MEOG: Sealed deal and IPO plans
Aramco and ADNOC took centre stage this week as a deal was finally agreed for the sale and lease back of Saudi oil pipelines while the Emirati firm considers an IPO of its drilling arm.
The Saudi firm agreed a multi-billion-dollar deal with a group of investors to sell and lease back a stake in its oil pipelines business that values the newly formed Aramco Oil Pipelines Co. at around $25bn. The consortium, led by EIG Global Energy Partners, will pay $12.4bn to acquire a 49% stake in the subsidiary, which has been accorded 25 years of rate payments for oil transferred through the parent firm’s extensive in-kingdom network.
Aramco will be granted exclusive rights to use, transport through, operate and maintain the network, paying a quarterly, volume-based tariff while adhering to minimum volume commitments and retaining full ownership of the pipelines.

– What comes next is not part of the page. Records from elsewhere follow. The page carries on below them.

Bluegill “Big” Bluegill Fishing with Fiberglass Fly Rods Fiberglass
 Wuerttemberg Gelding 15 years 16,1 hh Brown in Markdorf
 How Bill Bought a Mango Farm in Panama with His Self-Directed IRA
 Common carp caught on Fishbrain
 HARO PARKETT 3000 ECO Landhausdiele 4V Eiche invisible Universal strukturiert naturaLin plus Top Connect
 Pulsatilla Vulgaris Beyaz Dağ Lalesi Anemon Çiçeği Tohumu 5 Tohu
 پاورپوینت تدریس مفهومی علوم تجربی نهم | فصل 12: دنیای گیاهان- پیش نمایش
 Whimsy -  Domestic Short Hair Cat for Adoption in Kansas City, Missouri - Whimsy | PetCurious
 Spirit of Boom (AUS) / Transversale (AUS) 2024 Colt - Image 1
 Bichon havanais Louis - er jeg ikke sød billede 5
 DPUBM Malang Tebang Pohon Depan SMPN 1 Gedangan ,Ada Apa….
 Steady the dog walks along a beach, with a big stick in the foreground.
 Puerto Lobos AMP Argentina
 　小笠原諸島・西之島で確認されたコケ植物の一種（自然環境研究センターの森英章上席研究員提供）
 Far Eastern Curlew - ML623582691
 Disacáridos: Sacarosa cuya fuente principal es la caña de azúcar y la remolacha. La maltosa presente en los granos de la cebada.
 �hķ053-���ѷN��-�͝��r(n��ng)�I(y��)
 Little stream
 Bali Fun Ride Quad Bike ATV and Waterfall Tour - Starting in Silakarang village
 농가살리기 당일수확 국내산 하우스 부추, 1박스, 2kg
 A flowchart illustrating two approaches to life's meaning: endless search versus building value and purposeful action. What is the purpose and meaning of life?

Meanwhile, following the success of its own asset monetisation efforts in the last few years, ADNOC is considering listing its drilling arm on the local stock exchange. Speaking to Reuters last week, three sources said that the company had held talks with banks about an IPO for ADNOC Drilling, which it says is the largest driller in the region.
Jordan rarely provides upstream updates, but this week the Hashemite Kingdom said it would offer up nine oil and gas exploration licences across the country as it seeks to reduce reliance on imports. Energy and Mineral Resources Minister Hala Zawati said that the Al Azraq, Sirhan, Jafr, West Safawi, Dead Sea, North Highlands, Sirhan Development, Petra and Rum acreages would all be opened up for exploration, six of which were included in the ill-fated 2017 licensing round.